Le Tribunal administratif de Montreuil a jugé ces motifs insuffisants pour qualifier l’existence d’un tel intérêt public majeur et a donc partiellement annulé l’arrêté inter-préfectoral en tant qu’il autorisait à porter atteinte à certaines espèces protégées.

La Cour a censuré le raisonnement du tribunal en relevant le déploiement de l’activité de l’aéroport Charles de Gaulle, en soulignant « le constat d’un défaut d’adaptation de ses actuelles conditions de desserte » qui a été fait de longue date, « tant en ce qui concerne la saturation des axes routiers, conduisant à des trajets à la durée incertaine, que la longueur des trajets réalisés par la ligne B du RER […] et qu’il en résulte des nuisances sur le confort et les conditions de transport de l’ensemble des usagers de la ligne ». La Cour poursuit en relevant que « le report de trafic des passagers à destination de l’aéroport vers la nouvelle ligne expresse peut être raisonnablement regardé comme de nature à améliorer les conditions de circulation et de confort pour l’ensemble des usagers du réseau public, en limitant les incidents ».

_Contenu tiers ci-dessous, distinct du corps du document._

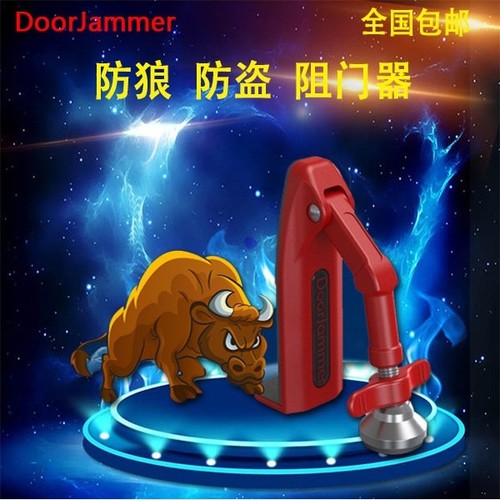 Doorjammer安全锁酒店宾馆房门阻挡器防盗一件代发锁具小红防撬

Après avoir relevé que la concession de travaux « prévoit la réalisation de travaux sur les voies existantes empruntées par le TER et sur des ouvrages communs aux voies empruntées par ce TER, le transilien et la ligne B du RER comme par le « Charles de Gaulle Express » projeté, et une participation financière du concessionnaire à d’autres travaux à destination « des transports en commun du quotidien » ; la Cour souligne que l’intérêt public majeur est également constitué dans la mesure où il « n’est pas sérieusement contestable que la mise en place d’une desserte spécifiquement dédiée et conçue pour les voyageurs à destination et de retour de l’aéroport Paris Charles de Gaulle, présentant des caractéristiques d’accès aisé, de haut niveau de régularité et de ponctualité sera de nature à améliorer l’image, l’attractivité et la compétitivité de cet aéroport et plus généralement à renforcer l’attractivité touristique de Paris et sa région pour l’ensemble des voyageurs intéressés ».

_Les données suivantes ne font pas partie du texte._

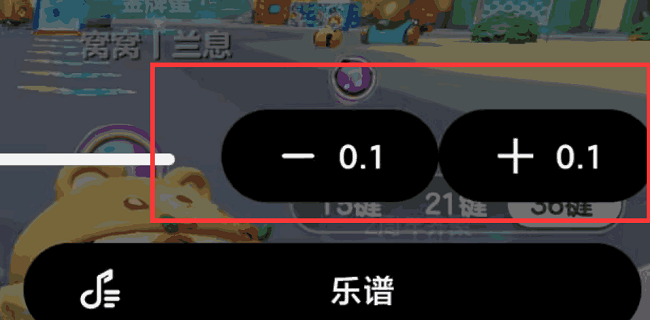 二哈自动弹琴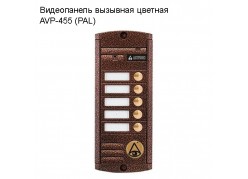 ����������� �������� ������� AVP-455 (PAL) ����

Enfin, les nombreuses interventions législatives et celles du Conseil d’Etat visant à permettre la réalisation du CDG Express ont également nourri la réflexion de la Cour qui a rappelé qu’ « il est constant que le législateur, à cinq reprises, a adopté des dispositions relatives à la réalisation d’une liaison ferroviaire expresse entre Paris et l’aéroport Paris-Charles de Gaulle, et qu’une habilitation consentie par lui au Gouvernement sur le fondement de l’article 38 de la Constitution a conduit à la prise d’une ordonnance aux mêmes fins. Le Conseil d’État statuant au contentieux a, par un arrêt n° 411086, 411154 du 22 octobre 2018, regardé comme légalement fondée la déclaration d’utilité publique du projet, aux motifs notamment des bénéfices attendus du projet, qui permettra notamment d’améliorer la desserte de l’aéroport international Charles-de-Gaulle, le deuxième aéroport européen, et de le doter d’une liaison directe, rapide et assurant un haut niveau de ponctualité, à l’instar des dessertes d’aéroports internationaux d’autres États membres de l’Union européenne, de favoriser le développement économique régional et national, en contribuant à la compétitivité de la région Ile-de-France et de Paris ainsi qu’à la réussite des Jeux Olympiques de 2024 et de s’inscrire, par un mode de transport plus respectueux de l’environnement limitant le recours aux transports routiers, dans le cadre d’un développement durable ».

Cet arrêt est une nouvelle illustration des difficultés évidentes que représente l’interprétation de la notion de raison impératives d’intérêt public majeur. Cette analyse éminemment casuistique, et quelque peu subjective donc, représente un sujet difficile à anticiper et appréhender pour les porteurs de projet, et donc une fragilité juridique.

Le Conseil d’Etat aura peut-être une nouvelle occasion d’affiner son interprétation de cette notion si la commune de Mitry-Mory décide de se pourvoir en cassation.